# raising a sprinkler head



## kolbasz (Jun 7, 2017)

what us the best and most efficient way to raise a head?

I have an impact sprinkler on my property line which my neighbor thought was his and he buried the sprinkler under 3-4" dirt and planted grass. Short of pulling the dirt, it seems to make loads more sense to just raise the head.


----------



## J_nick (Jan 28, 2017)

I use swing joints for all my sprinklers. You can buy them pre-made or you could make your own out of some funny pipe and barb fittings. They will allow you to raise and lower heads to where ever you need them.


----------



## Pete1313 (May 3, 2017)

J_nick said:


> I use swing joints for all my sprinklers. You can buy them pre-made or you could make your own out of some funny pipe and barb fittings. They will allow you to raise and lower heads to where ever you need them.


 :thumbsup:

Or if you have standard risers, you could remove the sprinkler head and add a Cut-Off Riser or a Cut-Off Riser Extension or take out the existing riser and add a longer one with a Riser Extractor or buy a Coupling and add another riser to make it the correct height.


----------



## Ware (Jan 28, 2017)

Is there a trick to physically raising the head? Even with a swing joint, it seems like it would be more or less locked in place until you start digging.


----------



## g-man (Jun 15, 2017)

If the head is at the property line, then move it out. It could be 6in from the line and you won't notice a difference.


----------



## wardconnor (Mar 25, 2017)

Pete1313 said:


> J_nick said:
> 
> 
> > I use swing joints for all my sprinklers. You can buy them pre-made or you could make your own out of some funny pipe and barb fittings. They will allow you to raise and lower heads to where ever you need them.
> ...


This is how I do it. I have some that need to come up. Leveling with sand over time pushes them down 👇.
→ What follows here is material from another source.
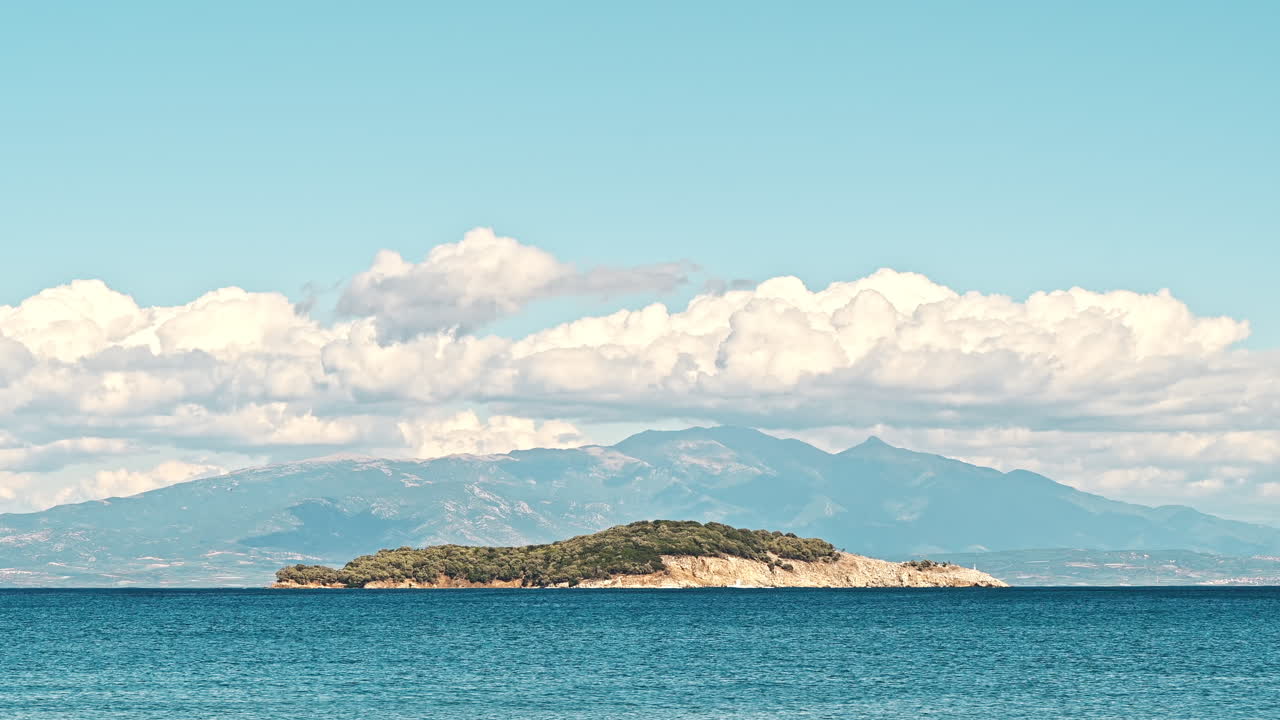 An island and a mountain reaching clouds in the distance with Aegean sea on the foreground in Greece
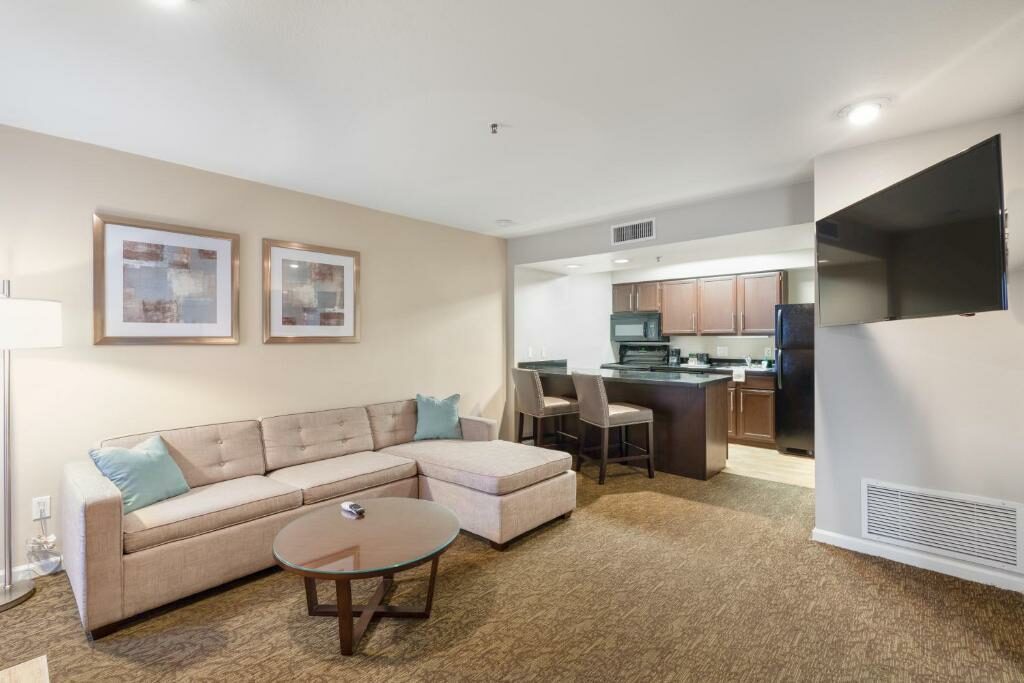 A room with a kitchen at the Chase Suites Brea - Fullerton - North Orange County.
Just cut the sod out carefully around the head like 4 or so inches deep. Then carefully unscrew the whole head so dirt does not get into line. Add riser extension explained above by Pete then screw head back in carefully not jarring soil into line. Replace sod. Easy. Like a 5 to 10 minute job.

I used coupler method because that's all was available to me.


----------



## kolbasz (Jun 7, 2017)

wardconnor said:


> Pete1313 said:
> 
> 
> > J_nick said:
> ...


looks like I need one of these riser thingies. Easier than I thought. thanks guys!


----------



## wardconnor (Mar 25, 2017)

Thought I'd share this picture I took of my buried sprinkler head that needs raising. I took this picture tonight after reading your thread.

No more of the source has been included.